On the Couch, Volume Two: Toronto 2004

Photographer, Tom Bianchi visits Toronto to shoot a series of photographs using regular guys who had never modeled before.

4.5 / 10   2 vote(s)
NR
Documentary

Renowned artist Tom Bianchi allows film makers Leach and Santry into his San Francisco studio and to accompany him on the road to Toronto, to reveal the intimate and very interactive relationship he has with his models as he creates his homo erotic imagery!

Release Date 2004-10-16
Runtime 1h 24m
Directors Tom Bianchi, John Santry, Ron Leach
Producers John Santry, Ron Leach
Writer

Tom Bianchi interviews and photographs over a dozen homosexual men in their altogether, digging into their collective psyche to uncover their innermost fears and fantasies- and to watch them have sex.

The DVD set consists of two volumes. Volume One is San Francisco, where Bianchi has his models pleasure themselves on a couch in his home. The men are not models, and the men discuss their sexuality. Volume Two takes place in Toronto, where a bed-and-breakfast's love seat carries on with the "on the couch" motif. He has a shoot with four men at once, and becomes part of a shoot with a slave-like subject.
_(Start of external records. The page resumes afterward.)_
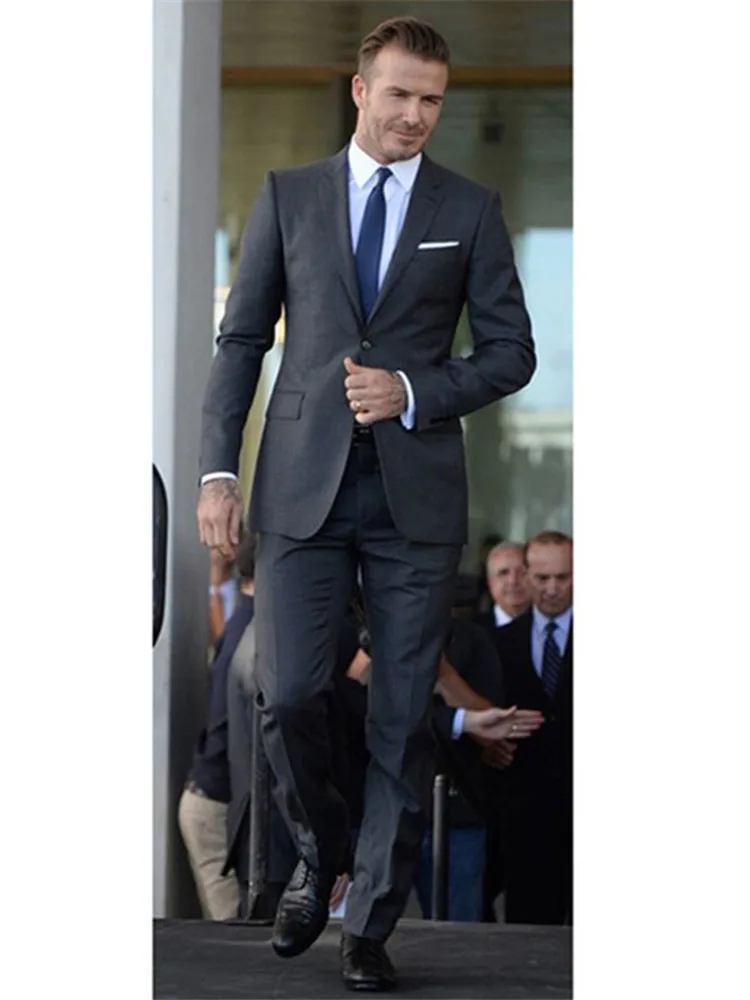 Мужской костюм Smolking Noivo Terno Slim Fit Easculino вечерние костюмы для мужчин серый Джентльмен Бизнес Жених блейзер(пиджак+ брюки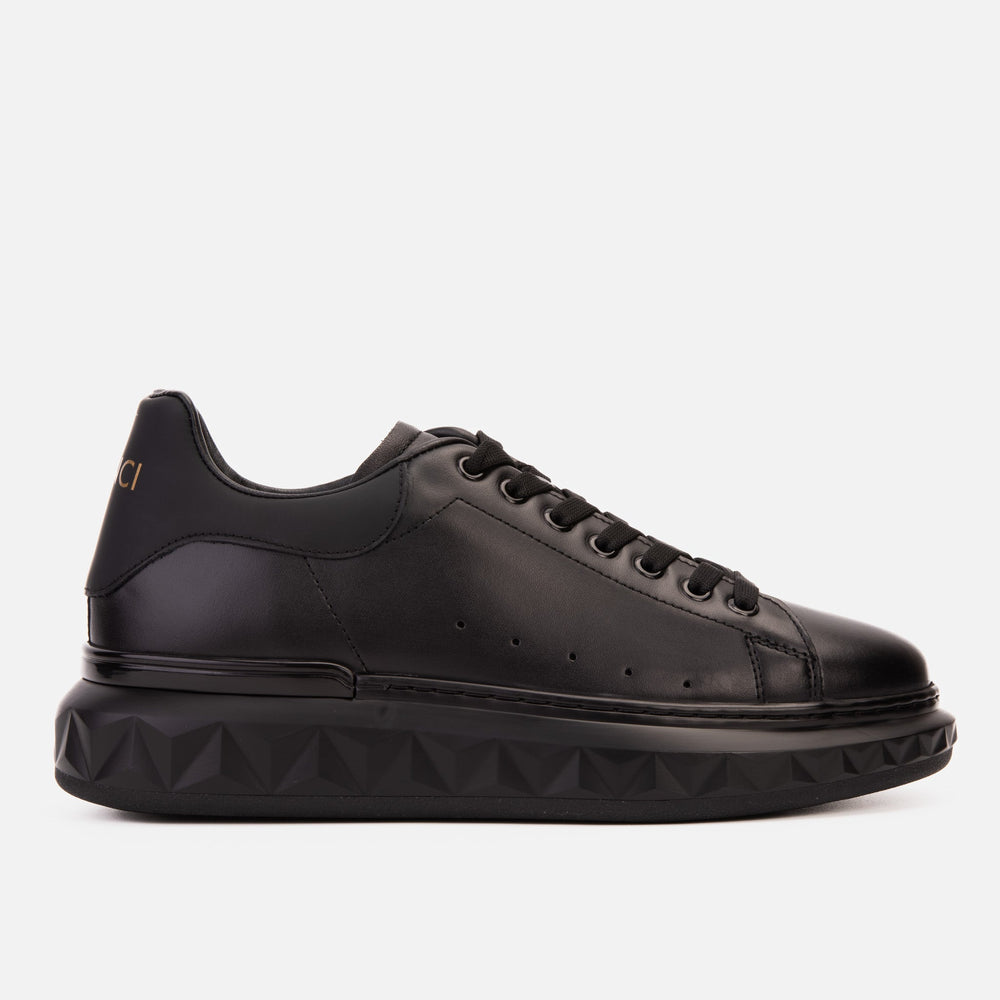 The Linq Black Leather Sneaker - Vinci Leather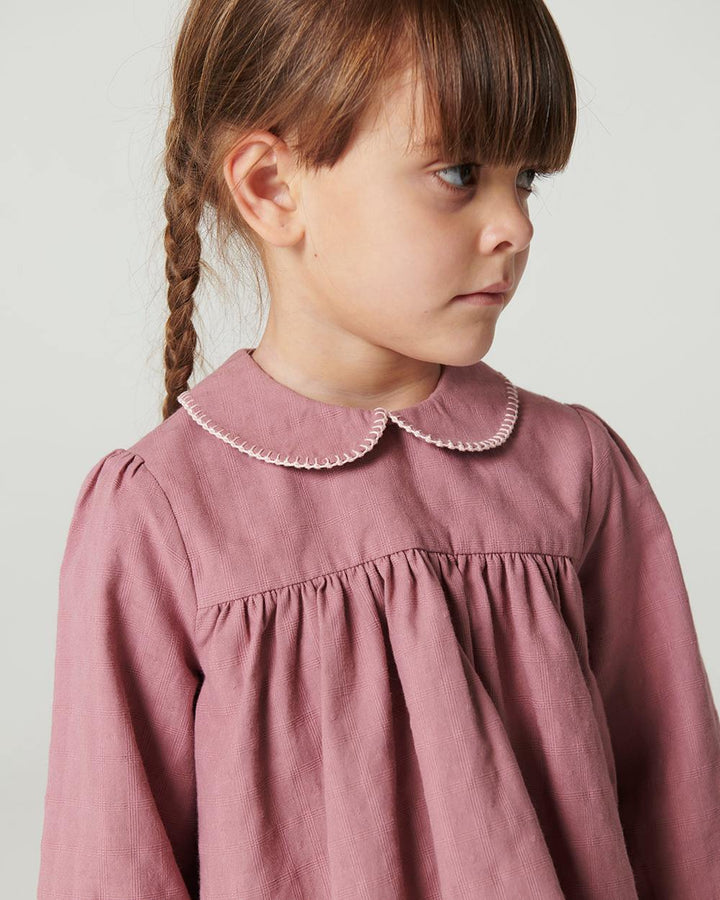 Blouse w. Collar & Blanket Stitch - Winter Rose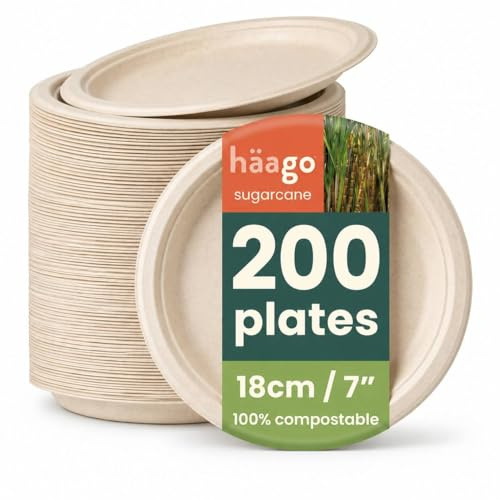 HAAGO 200 Eco Disposable Sugarcane Dessert Plates, 7 Inch (18cm) - Natural Colour Small Plates - Biodegradable & Compostable Side Plates for Desserts, Starters & Snacks - Sturdy & Heavy Duty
Both discs run about three hours total, and I wished for something different as soon as the first disc began. The viewer is mislead into thinking this is going to be a behind-the-scenes documentary about still photography shoots. The video makers turn on some very drowsy music and record the models, with Tom hanging around the edge taking his photographs. As the shoot goes on, I became bored and sleepy.

Bianchi pushes the fact that these men are not professional models, but they look it. If you expect Average Joe Six Pack to come in and drop his trousers, you will be disappointed. One of the models, a Canadian television personality, does not want to show his penis in the shoot with his lover, and Bianchi almost cancels the shoot. Bianchi wants only hot-looking Everyday Guys who are willing to show all for the camera, outside life be damned.

"On the Couch" is all sound and fury signifying horniness. The models come in and do their thing, and the interviews are little more than small talk. One guy mentions his kids before reaching into his underwear, I frankly wanted to hear more about his kids. Bianchi was disappointed with homosexual erotica, and decided to make his own. He falls into the same trap as other photographers, accepting only the perfect, while trying to appeal to the average gay man who had hoped to be represented in Bianchi's work. There is more designer underwear on display than the skivvies gondola at the outlet mall, and the men are clean and perfect.

If it looks like overly handsome men making love, smells like overly handsome men making love, and sounds like overly handsome men making love, then it is not average gay men given the chance to get in touch with their sexual side. Want gay porn? Buy "On the Couch." Want a great documentary about sexual identity and homosexuality? Buy "The Cockettes."